Le modèle de location gérance (LG) n’est pas d’autre chose qu’un plan social déguisé. Car la LG permet la suppression de postes via le transfert des contrats à des repreneurs.
Depuis la mise en place de ce projet, ce sont 268 magasins qui ont été cédés : 80 Hyper et 225 Market (plus de 20 000 salariés concernés).
Cette stratégie est purement financière car elle permet également au groupe de générer une économie de rente via le versement d’une redevance.
Le seul objectif de cette stratégie d’Alexandre Bompard est de satisfaire la voracité des actionnaires en augmentant les dividendes, au détriment de ses salariés.
Rappelons également qu’à fin 2023 Carrefour aura dépensé plus de 2,250 milliards d’euros dans le rachat de ses propre actions, toujours dans ce même objectif de mieux rémunérer ses actionnaires.
Le projet de la location-gérance ou franchise, voué à démanteler la totalité des parcs des Hyper et des Market pour ne garder que les centrales d’achats et la logistique
Carrefour abandonne son activité principale, pour s’orienter vers une activité purement financière, comme nous venons de le voir.

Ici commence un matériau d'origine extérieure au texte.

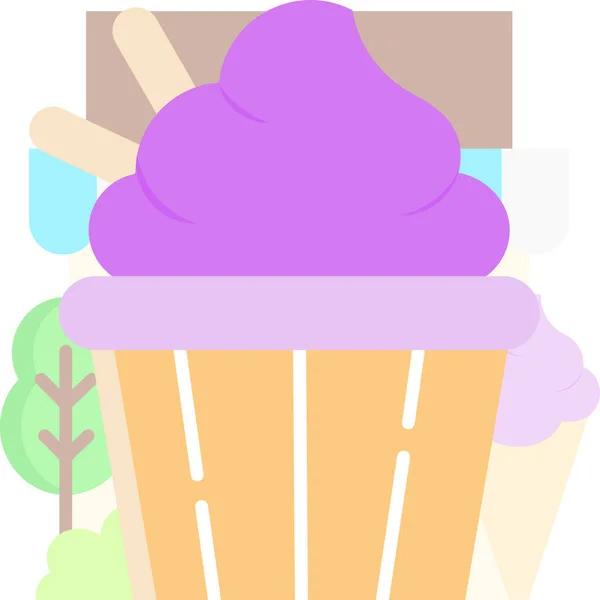 Taza Postre Icono Helado — Vector de stock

Pourtant quand on analyse la situation économique du groupe, on constate qu’il n’y a aucune raison pour que le groupe abandonne son activité principale, c’est à dire la grande distribution. Regardons ces quelques chiffres pour comprendre :
- en 2020, Carrefour réalise ses meilleurs résultats depuis 20 ans avec +7,8 % de rentabilité, soit 78 milliards d’euros ;
- en 2021, le groupe affiche une solide performance avec un chiffre d’affaires en progression de 11,2 % et une progression de 4,1 % sur les profits, et dépense 700 millions d’euros pour rachat de ses actions
- en 2022, forte progression du chiffre d’affaires – 7,6 % – et 1,21 milliard d’euros de bénéfices ; Carrefour dépense 750 millions d’euros pour rachats de ses actions ;
- en 2023, Carrefour a réalisé un résultat net de 326 millions d’euros au premier semestre, en progression de 5,1 %. Cette année, Carrefour a distribué 450 millions d’euros de dividendes à ses actionnaires et dépense 800 millions d’euros pour rachat de ses propres action.
- les prévisions pour l’année 2024 suivent la même tendance, car Carrefour annonce l’achat de ses propre actions pour un montant de 700 millions d’euros.

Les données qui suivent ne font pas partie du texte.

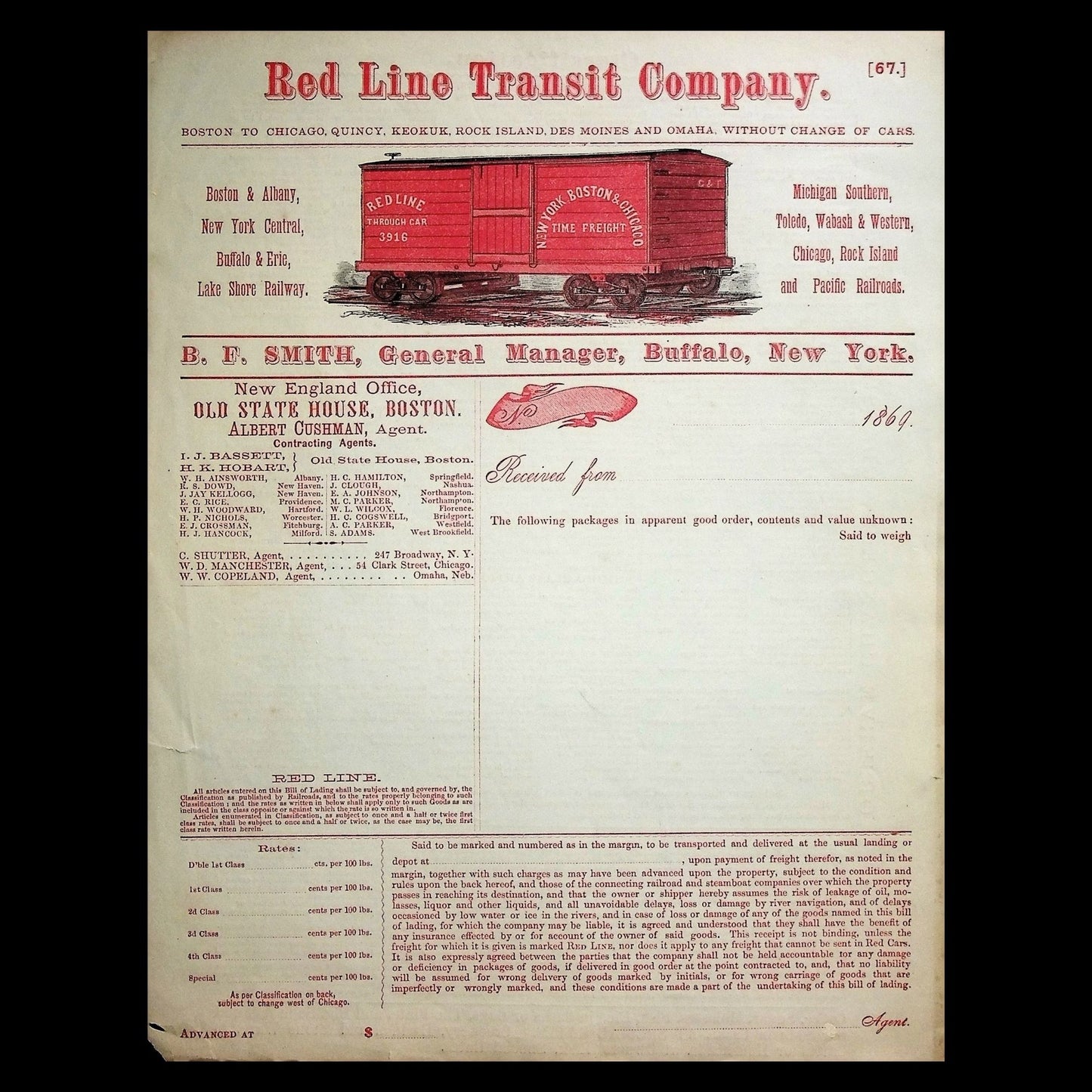 Red Line Transit Company Unused Shopping Receipt 1869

Un article publié dans Alternatives Economiques le 29 décembre 2023 faisait le même constat : « Aux commande du groupe depuis 2017, Alexandre Bompard mène une politique de financiarisation tournée vers ses actionnaires, au détriment des salariés et de l’investissement. La hausse spectaculaire des sommes versés aux actionnaires en témoigne. En seulement deux ans (2021 et 2022), ces derniers auront empoché la bagatelle de 2,2 milliards d’euros, soit plus qu’au cours des huit années précédents ».
Alors que les salariés de Carrefour subissent une régression sociale et la dégradation de leurs conditions du travail depuis la mise en place des projets comme la location gérance, la franchise et la vente des magasins au groupe Brésilien Atacadao, Alexandre Bompard a trouvé le financement pour acheter l’enseigne Cora, avec un cout estimé 1,05 milliard d’euros.

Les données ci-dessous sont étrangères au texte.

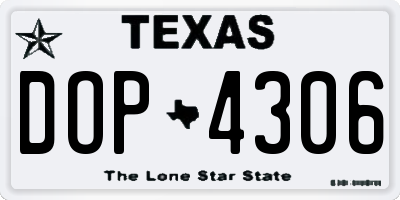 TX license plate DOP4306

D’un côté, il se débarrasse de ses magasins jugés pas assez rentable, de l’autre côté, il trouve le financement nécessaire pour acheter ses concurrents.
Cette acquisition, la plus importante pour Carrefour après le rachat du groupe Promodès en 1999, a un seul objectif, conforter sa deuxième place derrière Leclerc et rester devant Intermarché qui pouvait le doubler après leur acquisition de nombreux magasin du groupe Casino.
Nous pensons que ces activités basées essentiellement faites de rachat, de vente ou de rachat d’actions, ne sont que des activités qu’on peut qualifier de purement financières, et qu’elles mènent le groupe vers un avenir dangereux et incertain.
Pour notre organisation, seule la lutte engagée d’une manière déterminée par l’ensemble des organisations syndicales avec les salariés pourra stopper ces projets de destruction sociale et humain.